▶ _Input data_:
===

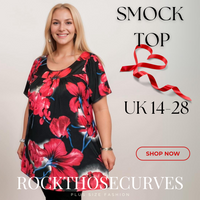 ROCKTHOSECURVES BRIGHT BOLD FLORAL SHORT SLEEVE A-LINE SMOCK TOP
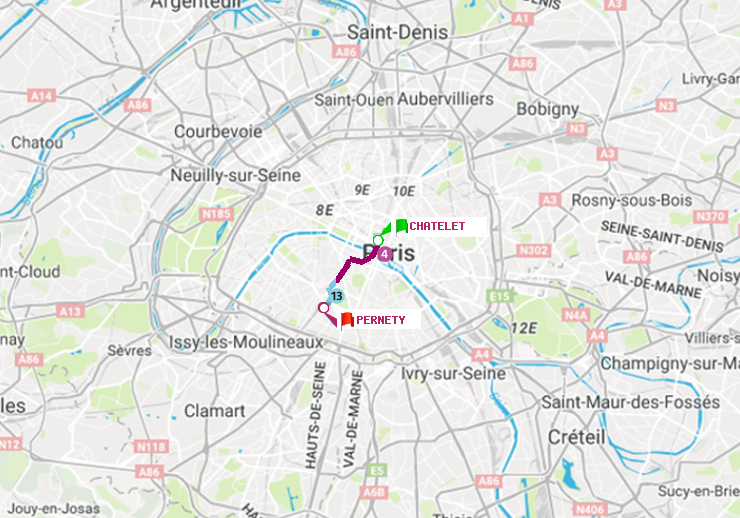 plan itinéraire ratp de Châtelet à Pernety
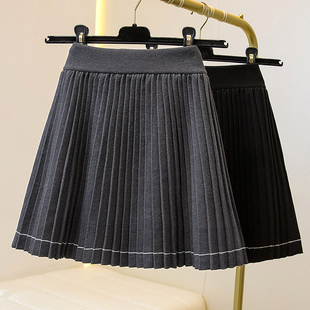 大码 2025春秋休闲松紧腰大摆裙文艺显瘦半身裙 高端大气上档次女装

===

▶ _Exercise requirements_:
The copy must start at the line containing "plan itinéraire ratp de Châtelet à Pernety" and stop at the last line of the listing, both included, with every line exact and no pictures.

▶ _Result for this task_:
 plan itinéraire ratp de Châtelet à Pernety
 大码 2025春秋休闲松紧腰大摆裙文艺显瘦半身裙 高端大气上档次女装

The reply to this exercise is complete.